▶ [Task to complete]: Without copying any picture, transcribe exactly the lines of the data below from the one containing "Stuttermabolir - Women's Original T" through the one containing "Just Another Fairy".

▶ [Records supplied]:

====

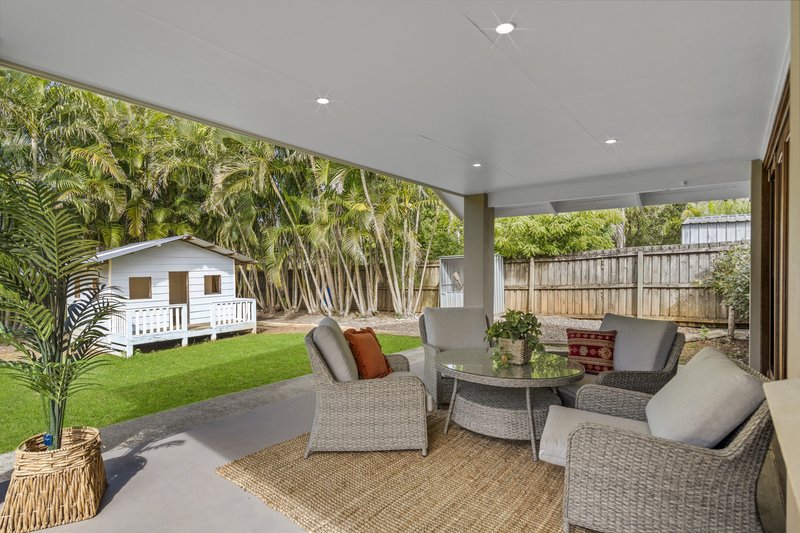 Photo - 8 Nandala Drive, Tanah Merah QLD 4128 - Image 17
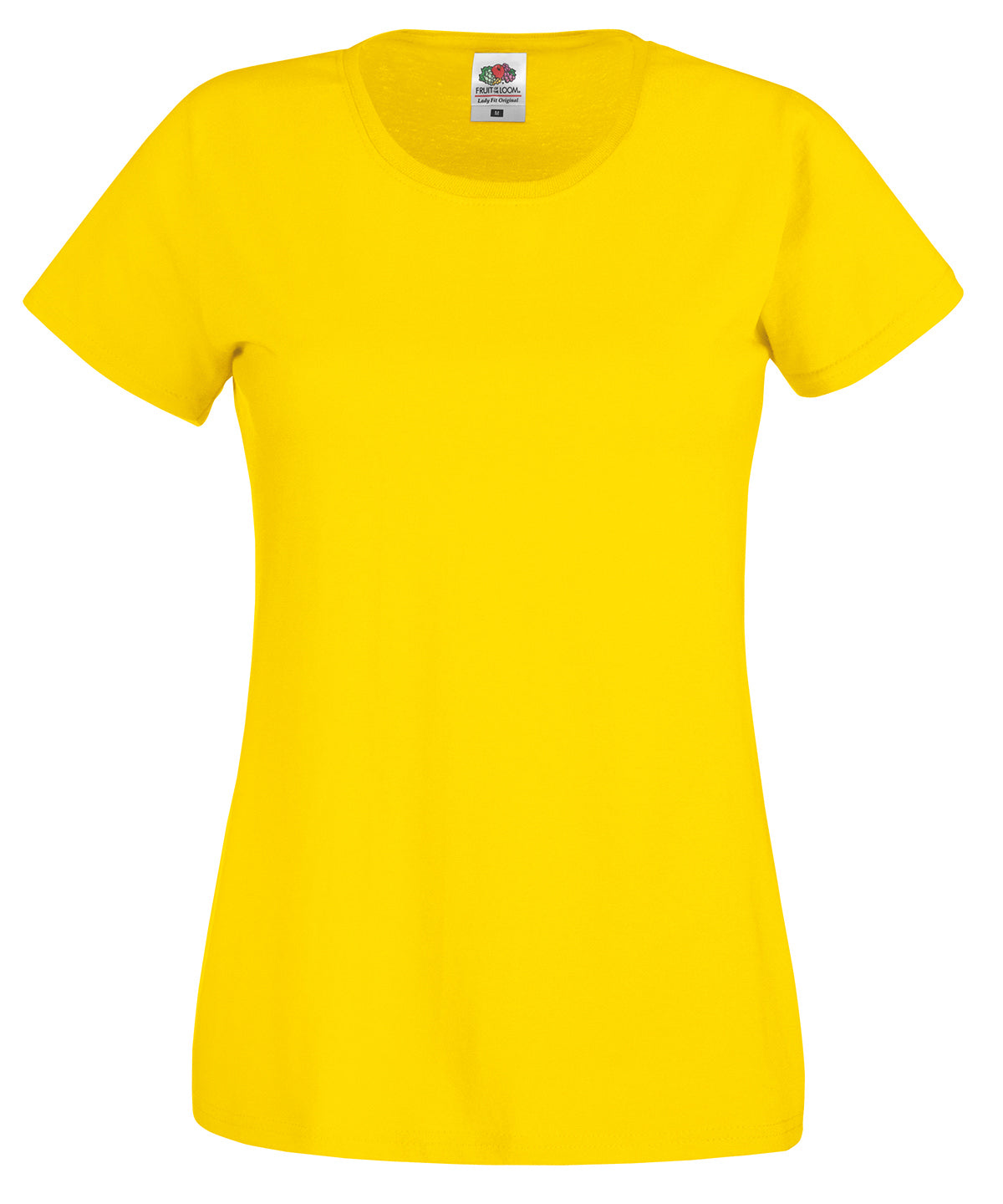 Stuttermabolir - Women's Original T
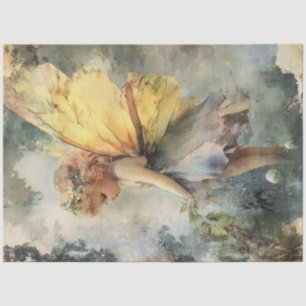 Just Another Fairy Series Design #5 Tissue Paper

====

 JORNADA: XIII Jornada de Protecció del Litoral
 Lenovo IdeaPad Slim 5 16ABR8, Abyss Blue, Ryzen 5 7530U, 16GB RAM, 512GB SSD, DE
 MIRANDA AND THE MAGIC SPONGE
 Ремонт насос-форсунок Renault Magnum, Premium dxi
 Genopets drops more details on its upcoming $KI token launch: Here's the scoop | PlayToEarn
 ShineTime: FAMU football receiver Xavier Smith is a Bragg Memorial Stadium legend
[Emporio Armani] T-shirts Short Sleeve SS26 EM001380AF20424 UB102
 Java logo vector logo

====

▶ [Expected output]:
 Stuttermabolir - Women's Original T
 Just Another Fairy Series Design #5 Tissue Paper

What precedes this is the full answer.